Thanks for those links MrLogic...  I have been really indecisive lately, originally wanted the 100-400L but the sigma 150-500 was so tempting with it's lower price and extra 100mm reach. But I think looking at it as an investment rather than just a purchase I will stick with the 100-400L. Probably the better choice for the long run. (now if only Canon would release that range in their F4 lineup...)


----------



## Big Mike (Dec 9, 2009)

Welcome to the forum.  

Remember that when you add a teleconverter, you loose some light.  So a Canon 70-300 F4.5-5.6 with a 2X TC becomes F9-F11 (loss of two stops).  Not to mention the loss in image quality.
Also, you typically need about F5.6 as a max for the AF system to work.  So if you take an already 'slow' lens like the 70-300mm and add a TC, you will most likely loose the ability to autofocus.  

I've used the 100-400mm L lens, and I must say that it's pretty darn good...but not cheap.


----------



## itznfb (Dec 9, 2009)

Is the Canon 70-300mm compatible with the TC?


----------



## darwinsfinch (Dec 9, 2009)

Thanks for all of the advice and links.  I do have a budget and am looking at $1000 but could possibly go up to $1300 if needed.  I would love to get the 100-400mm L but that looks to be a few years down the road.  

The Sigma 150-500 is really attractive to me right now.  Despite the fact that it is not top-quality (I agree with you, Mr.

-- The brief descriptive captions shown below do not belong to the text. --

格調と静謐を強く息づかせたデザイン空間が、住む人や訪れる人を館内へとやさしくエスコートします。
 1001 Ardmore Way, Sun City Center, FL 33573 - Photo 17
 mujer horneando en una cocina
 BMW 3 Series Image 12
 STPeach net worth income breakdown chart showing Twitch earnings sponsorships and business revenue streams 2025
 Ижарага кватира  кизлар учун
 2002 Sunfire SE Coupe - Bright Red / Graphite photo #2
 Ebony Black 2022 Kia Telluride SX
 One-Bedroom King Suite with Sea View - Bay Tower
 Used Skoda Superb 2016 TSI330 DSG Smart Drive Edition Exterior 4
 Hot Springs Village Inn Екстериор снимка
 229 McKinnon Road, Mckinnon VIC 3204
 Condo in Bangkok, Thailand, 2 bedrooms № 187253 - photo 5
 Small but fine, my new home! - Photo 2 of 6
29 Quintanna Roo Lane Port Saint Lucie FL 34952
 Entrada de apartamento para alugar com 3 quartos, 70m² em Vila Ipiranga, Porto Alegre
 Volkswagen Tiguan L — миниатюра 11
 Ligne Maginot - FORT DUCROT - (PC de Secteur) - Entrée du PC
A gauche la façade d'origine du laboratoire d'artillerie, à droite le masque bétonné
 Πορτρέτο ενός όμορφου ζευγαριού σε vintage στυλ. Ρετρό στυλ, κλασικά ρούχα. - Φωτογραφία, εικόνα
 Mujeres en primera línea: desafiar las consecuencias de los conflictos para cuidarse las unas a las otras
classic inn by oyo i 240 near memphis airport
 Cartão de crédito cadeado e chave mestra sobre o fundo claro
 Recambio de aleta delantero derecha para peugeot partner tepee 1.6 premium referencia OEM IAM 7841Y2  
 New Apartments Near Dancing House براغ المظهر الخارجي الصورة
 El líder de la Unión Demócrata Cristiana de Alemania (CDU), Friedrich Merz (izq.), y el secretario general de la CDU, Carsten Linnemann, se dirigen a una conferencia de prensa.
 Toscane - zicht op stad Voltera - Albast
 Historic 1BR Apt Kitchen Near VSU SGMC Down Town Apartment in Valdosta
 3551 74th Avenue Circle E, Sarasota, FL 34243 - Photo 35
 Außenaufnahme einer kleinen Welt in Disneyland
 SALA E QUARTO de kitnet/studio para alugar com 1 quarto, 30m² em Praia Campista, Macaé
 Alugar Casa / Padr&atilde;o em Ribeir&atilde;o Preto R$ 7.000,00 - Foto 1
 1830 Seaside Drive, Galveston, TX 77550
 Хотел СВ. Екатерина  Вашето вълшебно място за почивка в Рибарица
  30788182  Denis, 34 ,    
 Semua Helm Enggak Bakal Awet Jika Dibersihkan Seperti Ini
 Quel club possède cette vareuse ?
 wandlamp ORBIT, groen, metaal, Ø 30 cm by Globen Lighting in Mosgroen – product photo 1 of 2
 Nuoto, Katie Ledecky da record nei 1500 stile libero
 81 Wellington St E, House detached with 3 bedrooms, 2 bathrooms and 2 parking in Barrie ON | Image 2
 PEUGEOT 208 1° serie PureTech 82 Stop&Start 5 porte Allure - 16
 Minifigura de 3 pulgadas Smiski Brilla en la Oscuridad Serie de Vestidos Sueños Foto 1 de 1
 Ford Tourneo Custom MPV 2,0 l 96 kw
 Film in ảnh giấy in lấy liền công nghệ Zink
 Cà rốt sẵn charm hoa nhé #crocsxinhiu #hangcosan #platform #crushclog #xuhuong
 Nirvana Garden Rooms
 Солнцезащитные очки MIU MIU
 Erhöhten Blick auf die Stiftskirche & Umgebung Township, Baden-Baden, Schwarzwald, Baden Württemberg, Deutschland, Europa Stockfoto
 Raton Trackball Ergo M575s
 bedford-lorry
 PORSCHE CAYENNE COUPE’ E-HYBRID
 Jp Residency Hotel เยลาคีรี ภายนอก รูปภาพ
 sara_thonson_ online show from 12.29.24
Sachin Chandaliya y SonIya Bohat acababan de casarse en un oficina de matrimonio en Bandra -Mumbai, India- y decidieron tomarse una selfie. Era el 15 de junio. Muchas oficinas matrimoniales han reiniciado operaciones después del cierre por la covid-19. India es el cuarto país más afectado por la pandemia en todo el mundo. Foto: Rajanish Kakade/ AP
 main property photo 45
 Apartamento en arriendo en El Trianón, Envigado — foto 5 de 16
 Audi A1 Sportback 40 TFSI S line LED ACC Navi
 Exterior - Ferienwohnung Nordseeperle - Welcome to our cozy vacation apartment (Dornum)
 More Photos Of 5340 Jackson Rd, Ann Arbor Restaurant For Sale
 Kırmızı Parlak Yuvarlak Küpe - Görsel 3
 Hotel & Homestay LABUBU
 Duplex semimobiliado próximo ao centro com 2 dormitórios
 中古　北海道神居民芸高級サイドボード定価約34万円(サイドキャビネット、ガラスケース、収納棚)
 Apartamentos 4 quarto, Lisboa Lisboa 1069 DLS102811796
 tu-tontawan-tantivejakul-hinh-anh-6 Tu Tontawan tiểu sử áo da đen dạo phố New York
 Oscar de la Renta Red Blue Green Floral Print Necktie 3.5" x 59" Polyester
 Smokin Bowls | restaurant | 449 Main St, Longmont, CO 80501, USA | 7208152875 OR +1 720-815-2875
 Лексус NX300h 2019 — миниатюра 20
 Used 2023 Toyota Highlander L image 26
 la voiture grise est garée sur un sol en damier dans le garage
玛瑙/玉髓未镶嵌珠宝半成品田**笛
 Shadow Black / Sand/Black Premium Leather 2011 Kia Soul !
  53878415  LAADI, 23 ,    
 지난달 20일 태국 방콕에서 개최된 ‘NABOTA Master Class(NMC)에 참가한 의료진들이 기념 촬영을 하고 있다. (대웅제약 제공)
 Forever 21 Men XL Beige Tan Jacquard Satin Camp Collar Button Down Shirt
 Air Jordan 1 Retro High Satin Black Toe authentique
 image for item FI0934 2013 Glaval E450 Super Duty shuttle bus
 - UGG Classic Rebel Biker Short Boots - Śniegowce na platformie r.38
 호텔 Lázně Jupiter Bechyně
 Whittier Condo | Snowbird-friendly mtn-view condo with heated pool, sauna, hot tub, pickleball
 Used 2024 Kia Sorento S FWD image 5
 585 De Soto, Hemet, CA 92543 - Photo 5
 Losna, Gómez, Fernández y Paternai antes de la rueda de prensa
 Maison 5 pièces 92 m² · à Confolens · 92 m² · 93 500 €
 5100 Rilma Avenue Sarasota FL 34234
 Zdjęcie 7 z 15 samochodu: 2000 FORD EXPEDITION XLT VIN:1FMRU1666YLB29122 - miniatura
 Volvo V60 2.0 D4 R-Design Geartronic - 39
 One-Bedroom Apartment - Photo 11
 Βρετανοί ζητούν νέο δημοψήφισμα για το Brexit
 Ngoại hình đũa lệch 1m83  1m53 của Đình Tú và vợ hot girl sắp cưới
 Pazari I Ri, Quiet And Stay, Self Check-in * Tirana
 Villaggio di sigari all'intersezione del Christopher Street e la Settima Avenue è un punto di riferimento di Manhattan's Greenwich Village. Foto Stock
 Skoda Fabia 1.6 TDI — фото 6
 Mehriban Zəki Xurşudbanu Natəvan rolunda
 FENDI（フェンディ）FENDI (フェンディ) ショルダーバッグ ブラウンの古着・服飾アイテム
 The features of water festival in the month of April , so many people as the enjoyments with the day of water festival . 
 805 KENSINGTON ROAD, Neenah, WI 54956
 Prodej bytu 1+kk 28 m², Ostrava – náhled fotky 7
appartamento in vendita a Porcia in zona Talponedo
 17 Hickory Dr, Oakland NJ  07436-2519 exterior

Logic; I do see the IQ difference much greater than the author of that site does), I am thinking it can get me the focal length and OS I need for both tripod and handheld wildlife/bird shots without the IQ, autofocus, or light loss of a teleconverter.  Pretty versatile for a relative beginner without breaking the bank.

Coming from a super zoom p&s, I still anticipate this to be an upgrade.  Thanks for your advice.  If you have any other thoughts on this lens selection process, I would love to hear them.  I read forums and reviews, and I realize it is just as easy to fall into the trap of only buying the best as it is to not buy something of good quality, and that is where it's hard for me to sort out looking only at reviews and forums.  Hopefully it will become easier as I gain more experience.


----------



## Derrel (Dec 9, 2009)

I would definitely go with one of the Sigma zooms instead of a slowish 70-300 with a 2x converter....f/9 to f/11...ugh! It's almost a sure bet any one of the Sigmas would have better optical quality than a 70-300 with a 2x attached; using a 2x on a consumer-range zoom is usually a big producer of chromatic aberration...and once again, f/9 to f/11--absolutely terrible. F/11 makes  a Sigma that's f/6.3 look positively fast at the 500mm focal length!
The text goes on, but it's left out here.